Africa Specialty Risks' CEO says recent losses including the flooding and political unrest in KwaZulu Natal, South Africa have led to capacity exiting the market

Global reinsurers are redirecting capacity to other markets, leading to shortages across many lines in Africa, Mikir Shah says

Hard market conditions in Europe and America are contributing to a shortage of capacity across Africa, the head of Africa Specialty Risks (ASR) said.

Mikir Shah, chief executive of the continent-wide re/insurer, said global reinsurers were redirecting their capital to profitable hard markets, which was having a knock-on effect on capacity across the continent.

He added recent losses including the flooding and political unrest in KwaZulu Natal, South Africa had also led to capacity exiting the market.

“The larger reinsurers are focusing their firepower on the hard markets they see. They can deploy their very large balance sheets in an effective manner and drive their own probable maximum losses and combined ratios, which we’ve seen.

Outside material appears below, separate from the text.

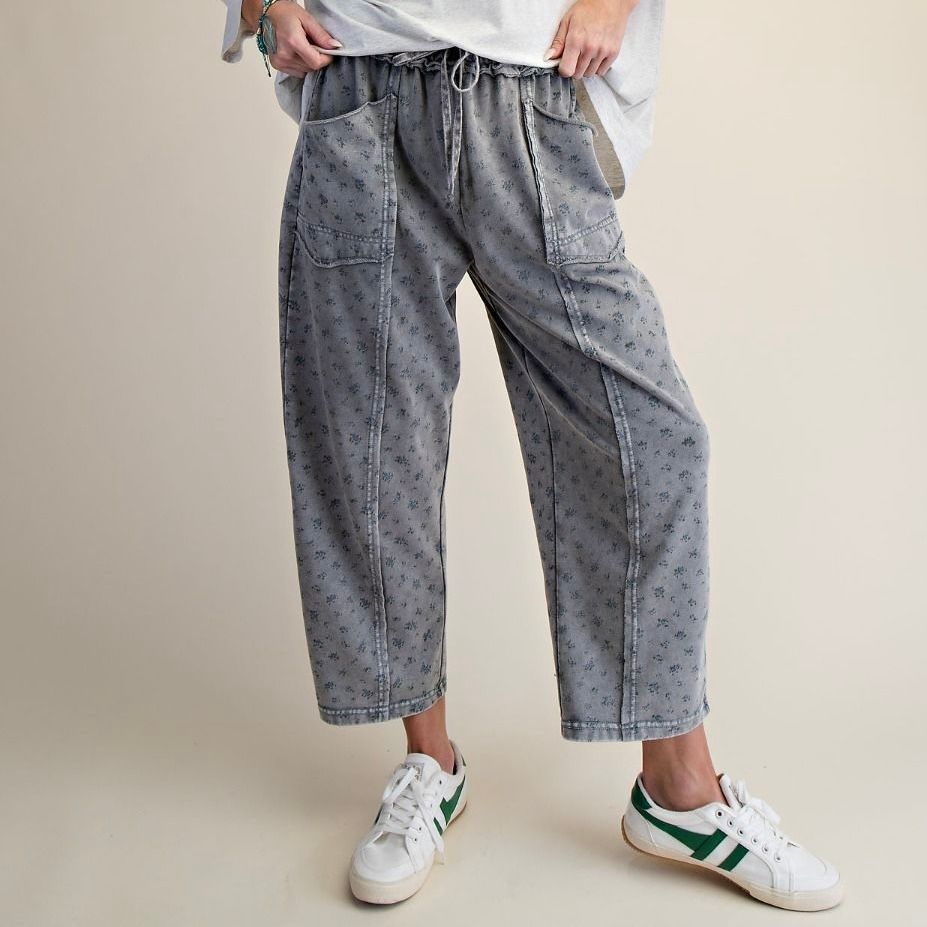 Ditsy Printed Terry Pant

And that’s a perfectly sensible set of actions,” Shah said. “What it does mean is in Africa you see a shortage of capacity across many lines.”

Shah added ASR has worked to fill the capacity gap where possible, including by bringing in partner organisations to provide cover where appropriate.

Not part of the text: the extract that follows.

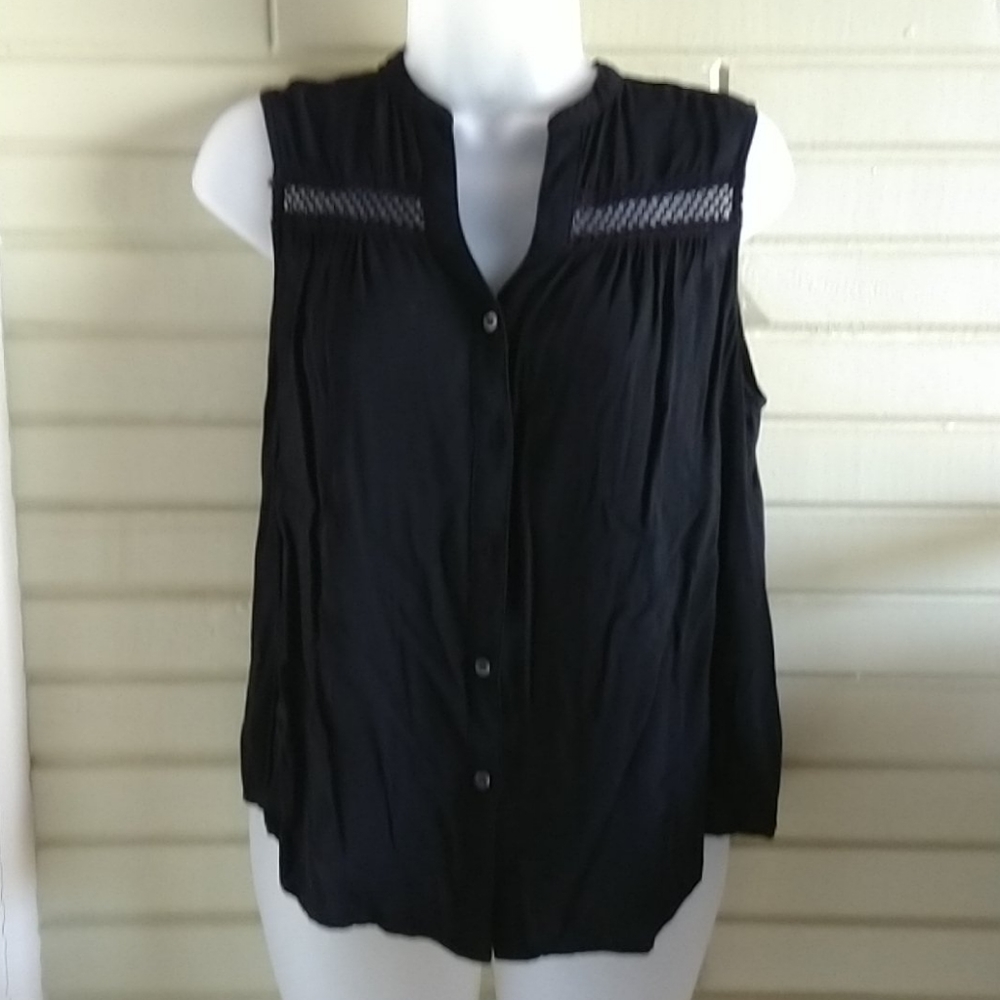 Black button down blouse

Despite the current capacity issues, Shah is positive about the ongoing growth of both ASR and the African insurance market. This year the underwriter inked a $10m capacity deal with Africa Re and gained Lloyd’s coverholder status.

“Lloyd’s has a fantastic branding and has a good franchise across Africa. We also have our own branding and franchise and they’re very symbiotic,” Shah said. “And then Lloyd’s has Lloyd’s Lab, which is focusing on innovation and artificial intelligence, and there are quite a few innovations we’re putting through that are genuinely groundbreaking.”

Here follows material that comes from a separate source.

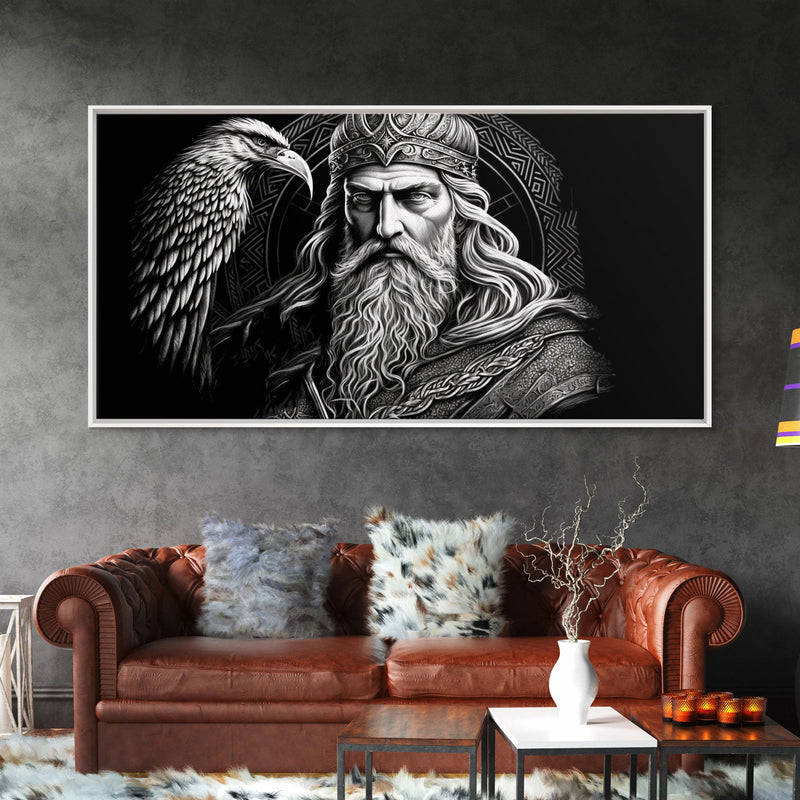 Black and White Portrait of Odin and Muninn, King of The Gods, Framed Canvas Print, Odin's Ravens, Norse Mythology Art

ASR is developing a range of technologies to support its work, including automated underwriting systems and parametric policies. A nation-wide parametric policy for cyclone cover, agreed with the government of Mozambique, recently paid out for Hurricane Freddy seven days after the final sum was calculated. “That’s an example of innovation we use in Africa that can be used anywhere in the world,” Shah said.

“In Europe, inflation, supply chain disruption and high interest rates are new items. We’ve always had them in Africa, so we know how to deal with them.”

Another potential area for growth is the inking of an Africa free trade agreement earlier this year – expected to come into force in 2025. ASR is already working with relevant governments to ensure the right insurance products are in place to facilitate cross-border trade. “We’re already seeing interest from a lot of global manufacturers that have now realised they need to relocate their manufacturing facilities into Africa to take advantage of this,” Shah said.

“A manufacturer in Kenya may be selling his car parts for the first time to a group of garages in Ghana… if we provide him with the right trade credit insurance, he’ll happily trade with them knowing if the garage chain doesn’t pay, the insurance will. It provides that liquidity backstop.”